Fluorescence in situ hybridisation (FISH)
Fluor 488-labelled circPRKAR1B probes as well as Fluor 555-labelled miR-361-3p probe were obtained from RiboBio. FISH analysis was determined with a FISH Kit (RiboBio) in terms of the manufacturer’s instructions. DAPI stained the cell nuclei. Images were further acquired from a fluorescence microscope (Olympus, Tokyo, Japan).
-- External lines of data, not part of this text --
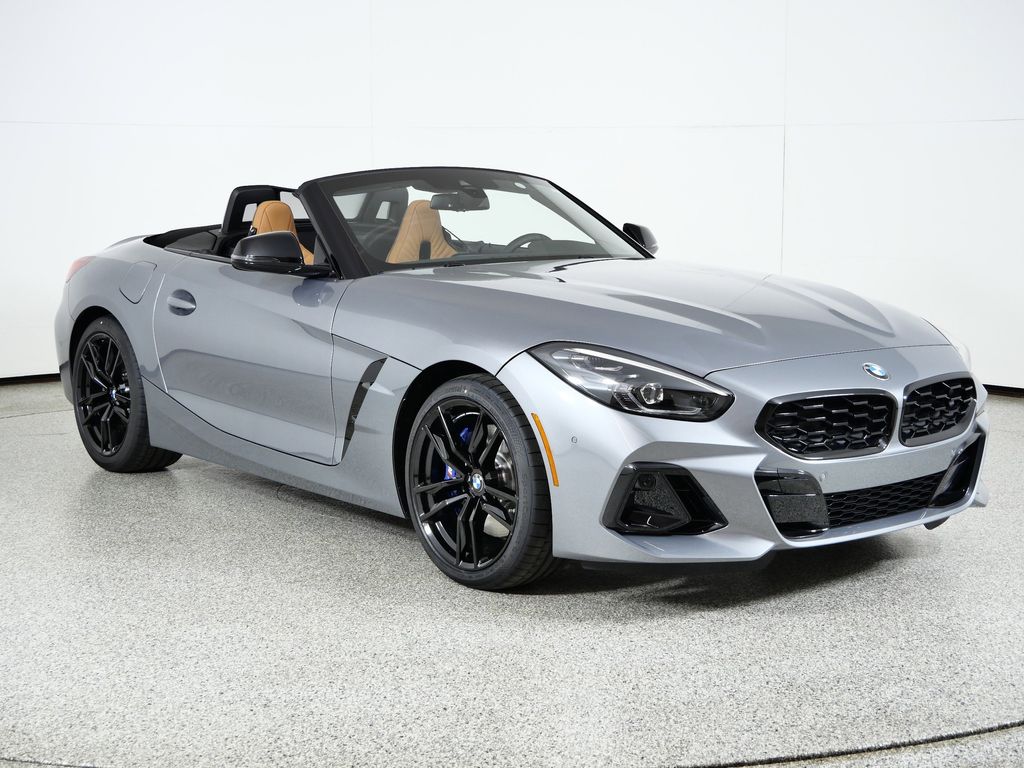 Thumbnail: 2026 BMW Z4 - 7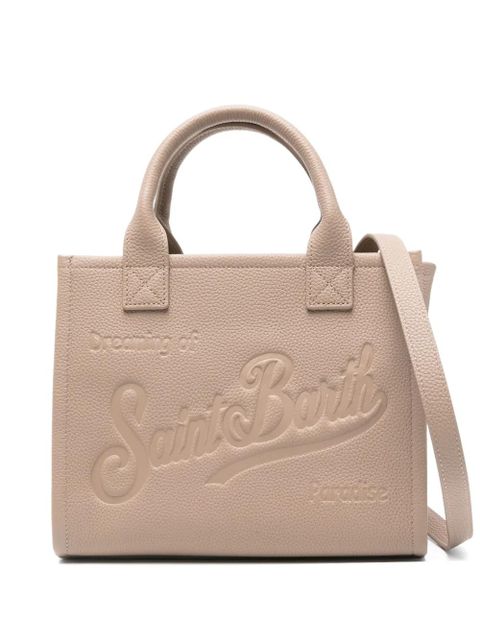 MC2 Saint Barth medium Vanity tote bag - Neutrals - zdjęcie produktu nr 1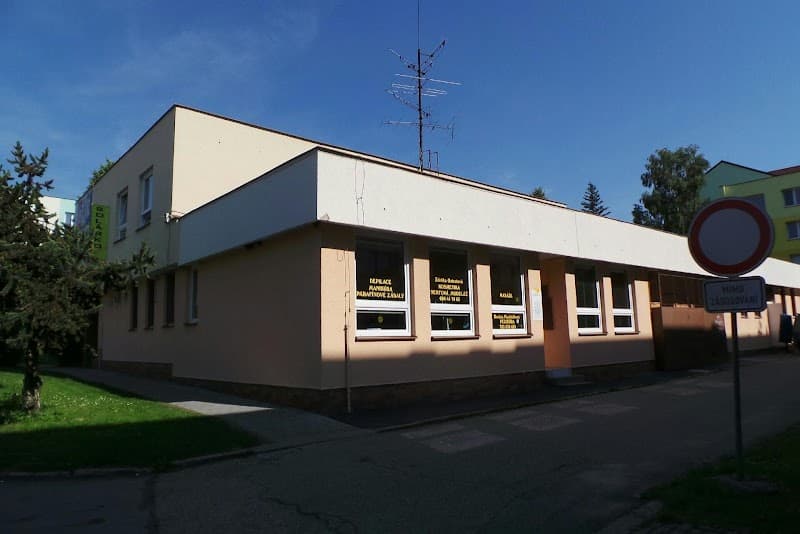 Relaxační salon Sluníčko Kaplice photo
Dual-luciferase reporter assay
Dual-luciferase came from Hanbio. 293 T cells were cotransfected with plasmid mixtures with or without the miR-361-3p mimics or negative control (NC) mimics with Lipofectamine RNAiMAX (Invitrogen) and cultured for 24 h. The activities of luciferase were measured following the manufacturer’s protocol.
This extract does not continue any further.